Unicode vs UTF-8 confusion in Python / Django?

Unicode vs UTF-8 confusion in Python / Django? - python

I stumbled over this passage in the Django tutorial:
Django models have a default str() method that calls unicode() and converts the result to a UTF-8 bytestring. This means that unicode(p) will return a Unicode string, and str(p) will return a normal string, with characters encoded as UTF-8.
Now, I'm confused because afaik Unicode is not any particular representation, so what is a "Unicode string" in Python? Does that mean UCS-2? Googling turned up this "Python Unicode Tutorial" which boldly states
Unicode is a two-byte encoding which covers all of the world's common writing systems.
which is plain wrong, or is it? I have been confused many times by character set and encoding issues, but here I'm quite sure that the documentation I'm reading is confused. Does anybody know what's going on in Python when it gives me a "Unicode string"?

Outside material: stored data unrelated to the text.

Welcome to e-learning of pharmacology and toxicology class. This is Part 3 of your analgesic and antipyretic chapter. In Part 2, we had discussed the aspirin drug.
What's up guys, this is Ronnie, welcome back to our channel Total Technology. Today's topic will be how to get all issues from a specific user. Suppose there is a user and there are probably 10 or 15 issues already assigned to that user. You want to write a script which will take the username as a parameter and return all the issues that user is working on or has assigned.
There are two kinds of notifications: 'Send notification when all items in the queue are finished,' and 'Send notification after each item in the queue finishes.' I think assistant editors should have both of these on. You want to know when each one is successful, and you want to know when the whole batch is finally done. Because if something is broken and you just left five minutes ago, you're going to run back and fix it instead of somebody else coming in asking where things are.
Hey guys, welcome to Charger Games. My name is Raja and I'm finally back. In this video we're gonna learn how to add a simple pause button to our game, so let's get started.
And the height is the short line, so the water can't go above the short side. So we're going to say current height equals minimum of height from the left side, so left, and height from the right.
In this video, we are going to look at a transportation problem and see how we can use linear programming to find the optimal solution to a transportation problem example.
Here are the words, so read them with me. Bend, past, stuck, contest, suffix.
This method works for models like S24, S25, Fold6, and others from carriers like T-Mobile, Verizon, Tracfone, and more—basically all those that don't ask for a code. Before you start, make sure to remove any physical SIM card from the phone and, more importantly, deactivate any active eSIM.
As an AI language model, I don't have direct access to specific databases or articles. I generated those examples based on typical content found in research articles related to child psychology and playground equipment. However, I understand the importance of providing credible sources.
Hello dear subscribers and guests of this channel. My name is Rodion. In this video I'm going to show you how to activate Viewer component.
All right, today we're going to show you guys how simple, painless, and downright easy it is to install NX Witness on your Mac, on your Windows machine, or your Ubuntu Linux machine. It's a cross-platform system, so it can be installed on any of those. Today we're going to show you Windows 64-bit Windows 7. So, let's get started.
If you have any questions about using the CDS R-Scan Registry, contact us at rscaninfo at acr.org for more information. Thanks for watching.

what is a "Unicode string" in Python? Does that mean UCS-2?
Unicode strings in Python are stored internally either as UCS-2 (fixed-length 16-bit representation, almost the same as UTF-16) or UCS-4/UTF-32 (fixed-length 32-bit representation). It's a compile-time option; on Windows it's always UTF-16 whilst many Linux distributions set UTF-32 (‘wide mode’) for their versions of Python.
You are generally not supposed to care: you will see Unicode code-points as single elements in your strings and you won't know whether they're stored as two or four bytes. If you're in a UTF-16 build and you need to handle characters outside the Basic Multilingual Plane you'll be Doing It Wrong, but that's still very rare, and users who really need the extra characters should be compiling wide builds.
plain wrong, or is it?
Yes, it's quite wrong. To be fair I think that tutorial is rather old; it probably pre-dates wide Unicode strings, if not Unicode 3.1 (the version that introduced characters outside the Basic Multilingual Plane).
There is an additional source of confusion stemming from Windows's habit of using the term “Unicode” to mean, specifically, the UTF-16LE encoding that NT uses internally. People from Microsoftland may often copy this somewhat misleading habit.

Meanwhile, I did a refined research to verify what the internal representation in Python is, and also what its limits are. "The Truth About Unicode In Python" is a very good article which cites directly from the Python developers. Apparently, internal representation is either UCS-2 or UCS-4 depending on a compile-time switch. So Jon, it's not UTF-16, but your answer put me on the right track anyway, thanks.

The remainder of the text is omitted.